Ela já sabia do dia do lançamento, mas guardou segredo. Tribalismo oblige. No Brasil houve quem se agastasse por não ter havido aviso prévio à imprensa, mas até nisso os Tribalistas quiseram surpreender. A cantora e fadista Carminho, que assina em co-autoria com o grupo dois dos temas do disco, diz ao Ípsilon: “Eles tiveram essa ideia de o apresentar ao público privilegiando o online e escondendo até ao último dia como o iam fazer. Também aqui houve novidade.”

Da parte dela, o contacto com o Brasil e com músicos brasileiros já vem de há algum tempo. Em finais de 2016 lançou um disco integralmente dedicado a Tom Jobim, como corolário da sua ligação musical ao Brasil. Quanto aos Tribalistas, ela já gravara com Marisa Monte a canção Chuva no Mar, que incluiu no seu disco Canto, de 2014 (Marisa incluiu essa mesma canção na sua colectânea Coleção, de 2016, que reunia temas quase inéditos e raridades); e participara no espectáculo que Arnaldo Antunes apresentou no São Luiz, em 12 e 13 de Novembro de 2016, do qual resultou um CD/DVD ao vivo já editado e nas lojas portuguesas. Cantou com ele Vilarejo e Do vento e também o tema Velha infância, dos Tribalistas, já no final, com ele e os outros dois convidados, Manuela Azevedo e Hélder Gonçalves, dos Clã.
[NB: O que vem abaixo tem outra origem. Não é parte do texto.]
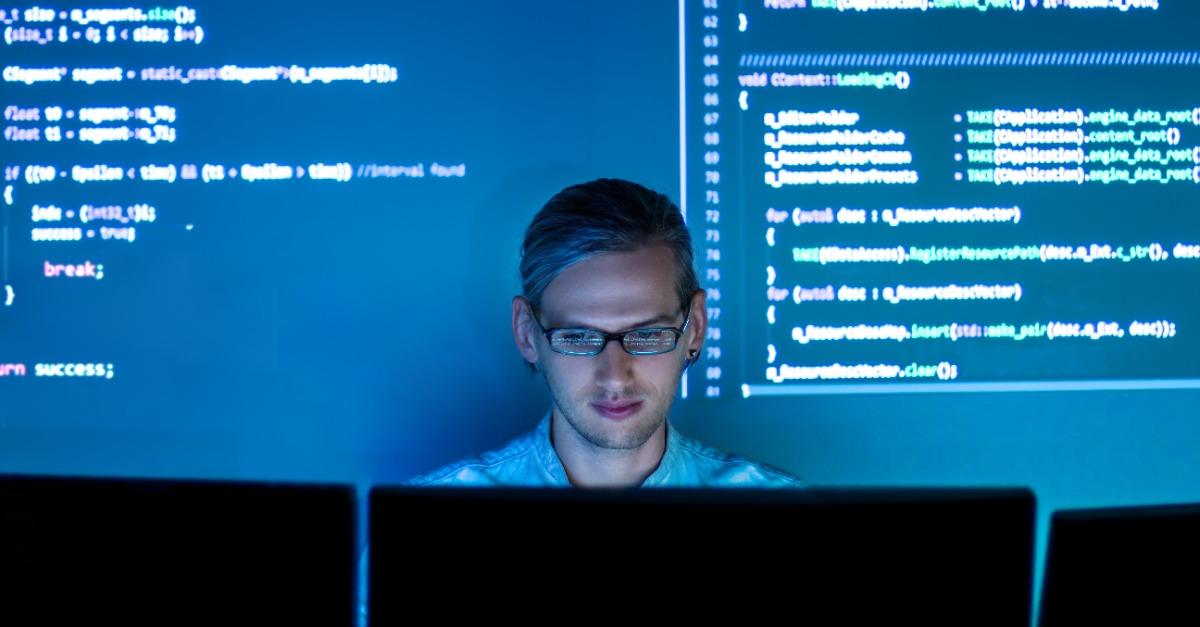 Software developer work with program code C Java Javascript on wide displays at night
“Isto tem sido uma amizade que se tem criado”, diz Carminho. “Comecei a ir bastantes vezes ao Brasil e nalgumas dessas vezes convidavam-me sempre para ir lá a casa, estar com eles. Eles funcionam muito em tribo, estamos sempre todos juntos e fazemos bastantes coisas. E começámos também a tirar do baú algumas composições que tínhamos.” Ela mostrou-lhes uma parte de uma composição que não estava terminada, Os peixinhos, e, com Marisa, alinhavou ideias para outra, Trabalivre. “Eu tinha já há algum tempo estas primeiras frases, ‘os peixinhos são/ flores sem o chão’, já com uma música, começámos com uma guitarra a cantar e foram surgindo ideias que não estavam ainda completas.” Depois eles foram para a Bahia, para casa de Carlinhos Brown, convidaram-na para fazer parte desse encontro, mas ela não pôde ir. “Infelizmente. Porque foi aí que reuniram todas as canções e algumas coisas inacabadas que tinham para as terminar. Eu não sabia que iria ser um disco dos Tribalistas, sabia que eles estavam a terminar as canções.” Os peixinhos ganhou vida assim. “Quando eles vieram da Bahia com aquilo feito, mostraram-me e eu achei que estava espectacular.”

"Um momento maravilhoso"

Mas não esperava o que se seguiu. “Fiquei muito surpreendida quando a Marisa Monte me ligou a dizer que as duas parcerias iam entrar no disco e que gostavam muito que eu cantasse a dos peixinhos.” Mas não hesitou, perante o convite e rumou ao Brasil na mesma altura em que foi fazer os concertos do disco de Tom Jobim lá. “Foi um momento maravilhoso. Eles optaram por fazer sessões contínuas, dez dias para fazer os dez temas e gravar os vídeos todos.”

Trabalivre, o outro tema, nasceu de uma coisa em que ela andava a pensar na altura. “Uma ideia que partilhei com a Marisa Monte, sobre os cantos de trabalho. Existem muitos cantos de trabalho em Portugal e foi feita até a captação de muitos deles, nos anos 1970, por Michel Giacometti; eram uma forma de ajudar o povo a trabalhar e a ganhar ritmo nas suas tarefas, e isso era fundamental muitas vezes para se suportar muitas horas a trabalhar, não só no campo mas também na pesca. Fomos então à procura desses cantos de trabalhos também no Brasil, como o dos boiadeiros, a forma como eles trabalhavam a voz e faziam os seus pregões, e começámos a criar aquela primeira frase (‘um dia minha mãe me disse:/ ‘você já é grande, tem que trabalhar’) como âncora de trabalho. Eles completaram-no depois com outros versos na Bahia. Os contributos surgem muitas vezes assim, depois as coisas ganham forma.”

Ganham forma como as amizades, ou a música. “Fiquei muito orgulhosa de fazer parte desta tribo”, diz Carminho ao Ípsilon, com satisfação. “Eles dizem que eu já sou uma tribalista e eu rio-me. Porque os Tribalistas fizeram parte do meu universo musical de juventude e acompanharam grande parte da minha vida. E isso é muito especial para mim.”